(What is being asked) Please set down only the lines from the one containing "Coinout is different" through the end of the entries below, exactly, minus any pictures.

(Data for review)
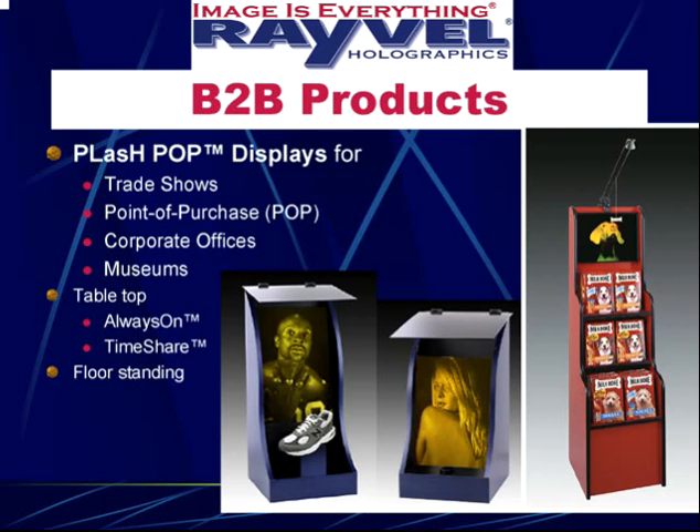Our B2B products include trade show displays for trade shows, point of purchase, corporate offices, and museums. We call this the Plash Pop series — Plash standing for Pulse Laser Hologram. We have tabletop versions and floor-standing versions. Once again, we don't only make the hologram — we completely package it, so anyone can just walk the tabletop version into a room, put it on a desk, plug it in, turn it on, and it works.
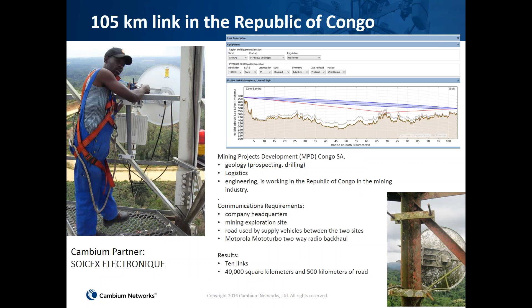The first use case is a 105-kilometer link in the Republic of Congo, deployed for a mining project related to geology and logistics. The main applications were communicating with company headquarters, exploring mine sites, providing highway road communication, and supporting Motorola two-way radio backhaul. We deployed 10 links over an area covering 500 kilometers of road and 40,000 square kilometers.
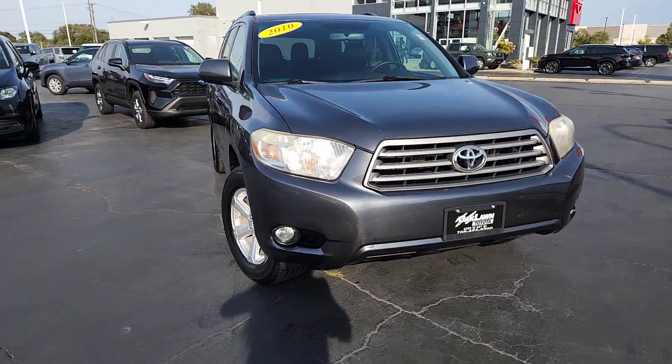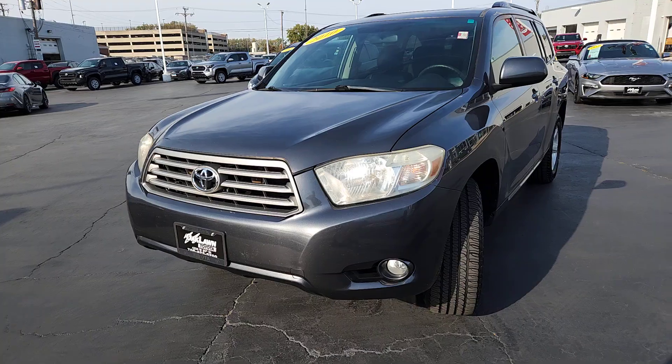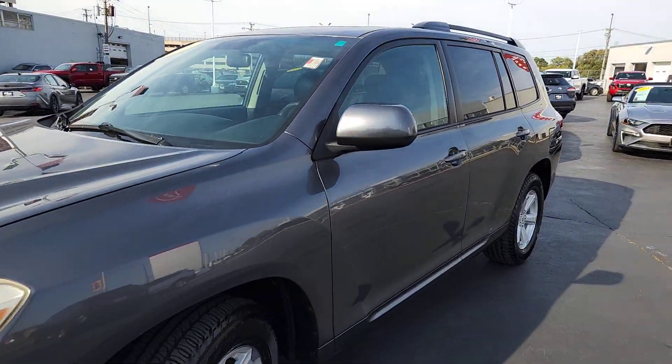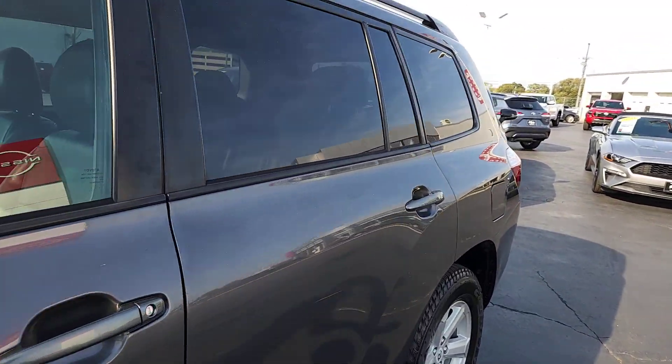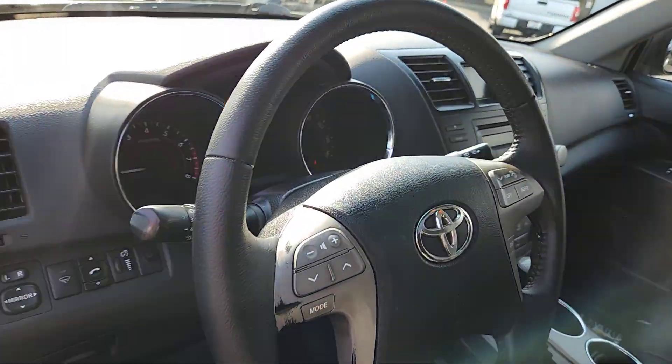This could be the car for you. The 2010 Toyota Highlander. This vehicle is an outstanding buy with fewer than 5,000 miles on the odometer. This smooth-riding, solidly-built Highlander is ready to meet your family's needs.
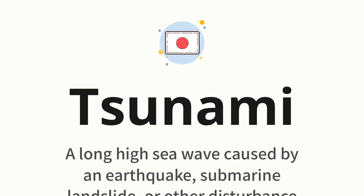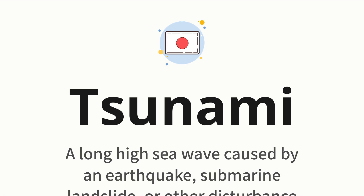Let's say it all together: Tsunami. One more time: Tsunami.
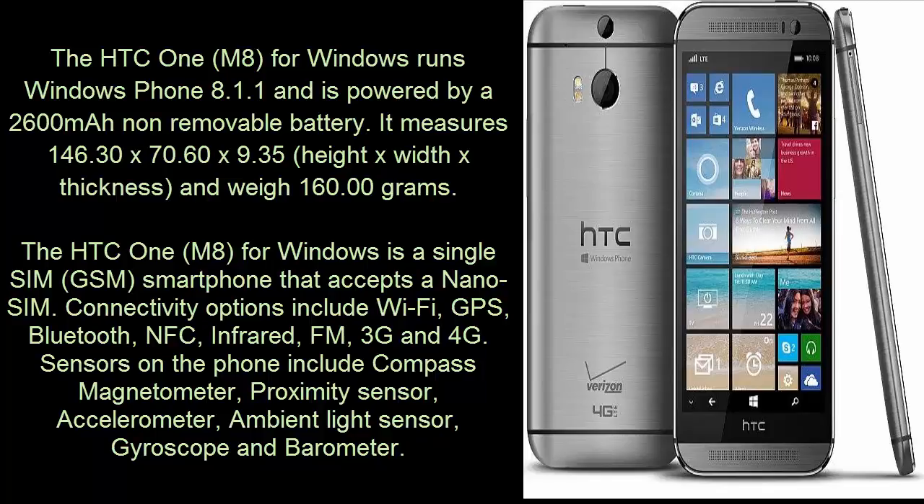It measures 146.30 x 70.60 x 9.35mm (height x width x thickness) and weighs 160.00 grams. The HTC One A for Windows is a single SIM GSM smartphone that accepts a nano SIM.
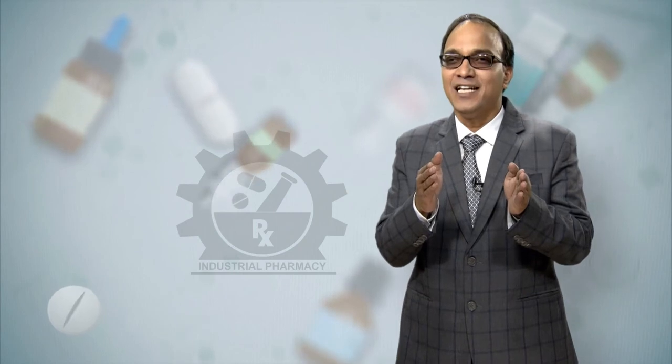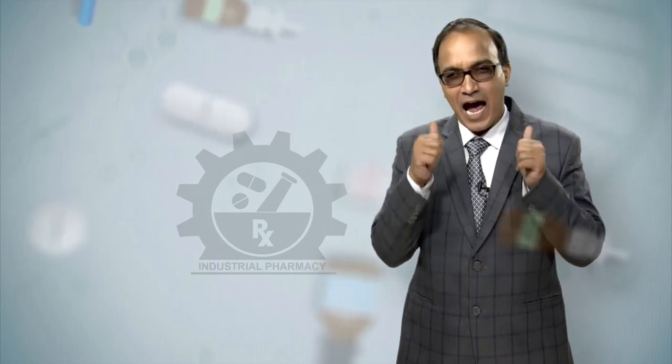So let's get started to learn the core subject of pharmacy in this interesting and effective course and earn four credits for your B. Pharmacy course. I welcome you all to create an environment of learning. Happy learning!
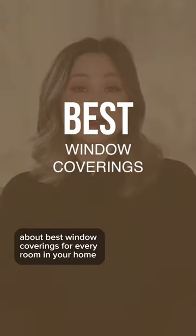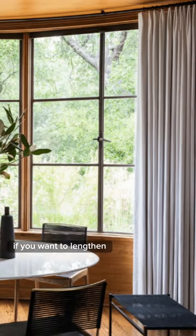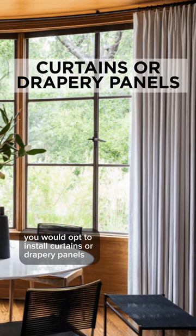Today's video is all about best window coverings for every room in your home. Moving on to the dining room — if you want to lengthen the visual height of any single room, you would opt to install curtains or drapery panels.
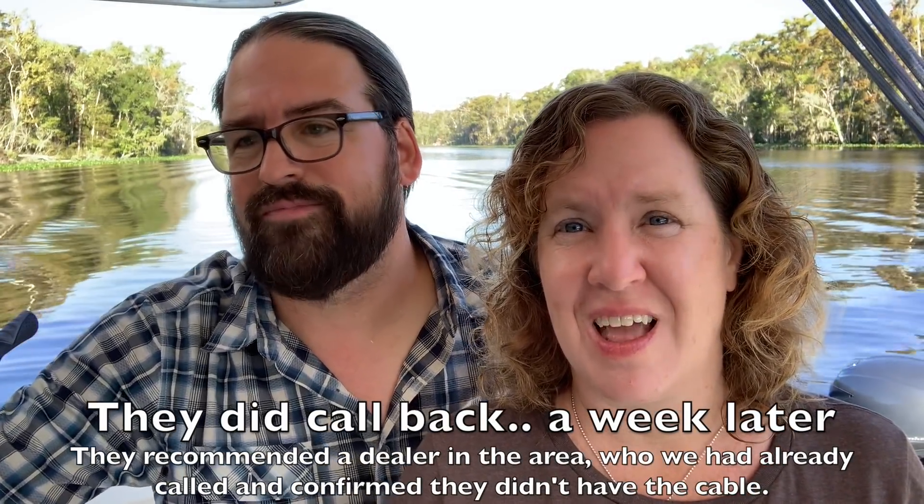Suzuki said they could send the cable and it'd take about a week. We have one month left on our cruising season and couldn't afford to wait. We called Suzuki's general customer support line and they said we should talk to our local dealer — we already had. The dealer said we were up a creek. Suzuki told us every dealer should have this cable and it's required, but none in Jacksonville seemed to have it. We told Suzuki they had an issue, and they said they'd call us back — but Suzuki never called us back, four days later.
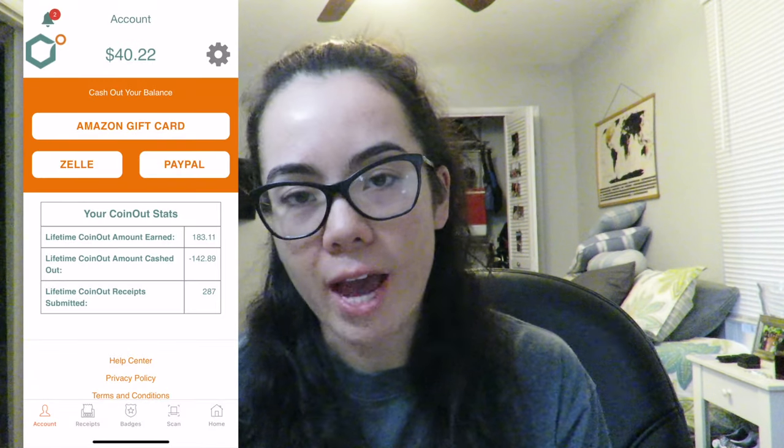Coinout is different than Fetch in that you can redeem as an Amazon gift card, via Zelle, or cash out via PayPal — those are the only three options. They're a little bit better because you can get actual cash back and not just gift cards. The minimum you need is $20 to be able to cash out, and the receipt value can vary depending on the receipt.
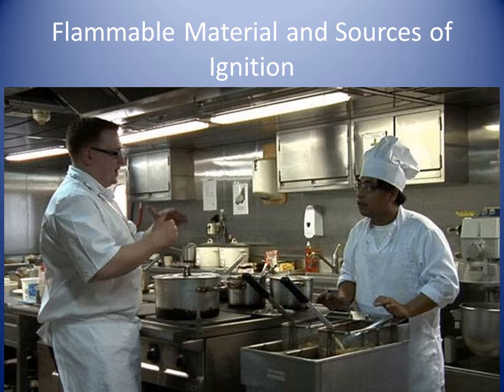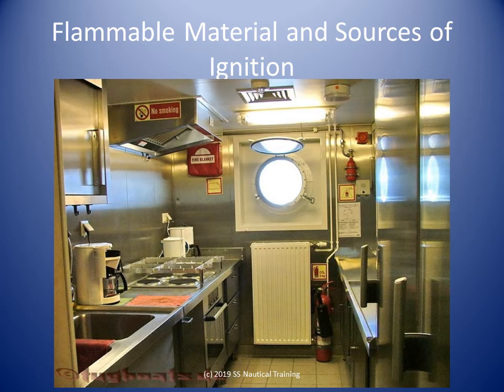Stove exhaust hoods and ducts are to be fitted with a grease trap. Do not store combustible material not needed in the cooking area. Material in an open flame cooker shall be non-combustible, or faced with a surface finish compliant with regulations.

(Output for this task)
Coinout is different than Fetch in that you can redeem as an Amazon gift card, via Zelle, or cash out via PayPal — those are the only three options. They're a little bit better because you can get actual cash back and not just gift cards. The minimum you need is $20 to be able to cash out, and the receipt value can vary depending on the receipt.
Stove exhaust hoods and ducts are to be fitted with a grease trap. Do not store combustible material not needed in the cooking area. Material in an open flame cooker shall be non-combustible, or faced with a surface finish compliant with regulations.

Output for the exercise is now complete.